[PROVIDED DATA Boundary: Start]

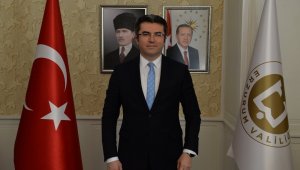  Vali Memiş: "Ağır bir hastalık dönemi geçirdim"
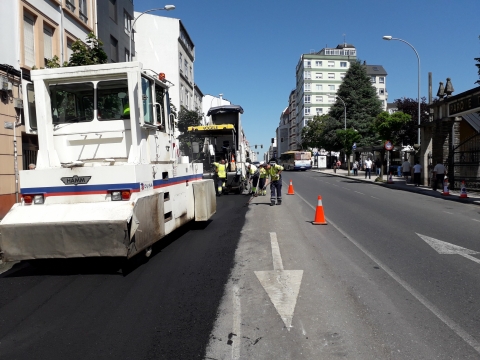 A área de Mobilidade renova o asfalto do tramo da avenida da Coruña fronte ao parque de Frigsa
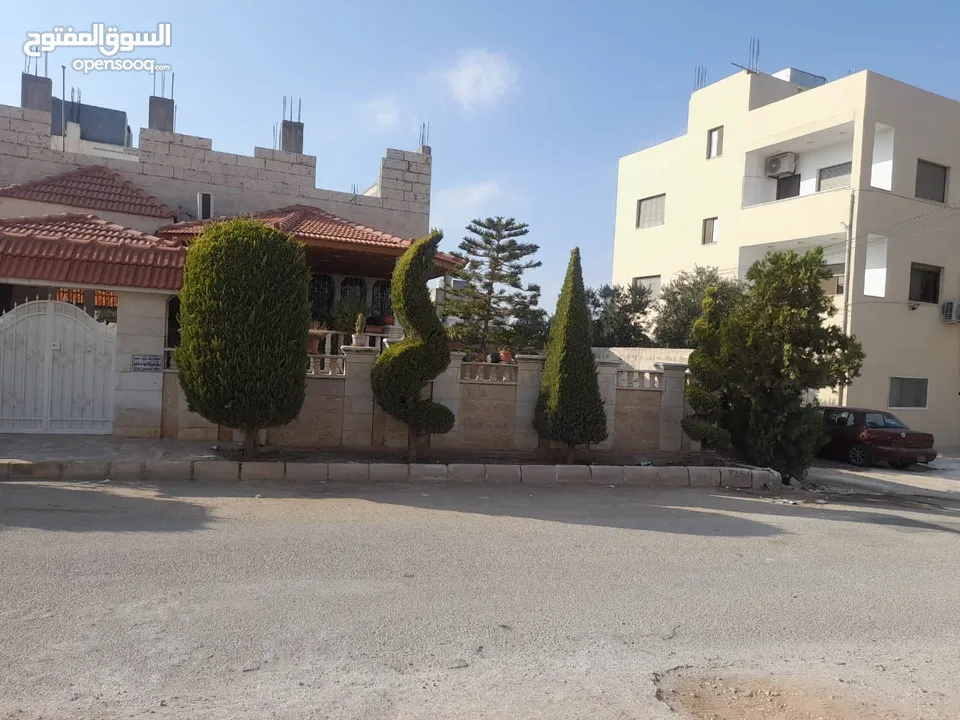 منزل (شبه فيلا) للبيع اربد (حوارة)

[PROVIDED DATA Boundary: End]

> **WORK ORDER**: Give back the full listing word for word, with the pictures left out.

> **SOLUTION TO THIS EXERCISE**:
  Vali Memiş: "Ağır bir hastalık dönemi geçirdim"
 A área de Mobilidade renova o asfalto do tramo da avenida da Coruña fronte ao parque de Frigsa
 منزل (شبه فيلا) للبيع اربد (حوارة)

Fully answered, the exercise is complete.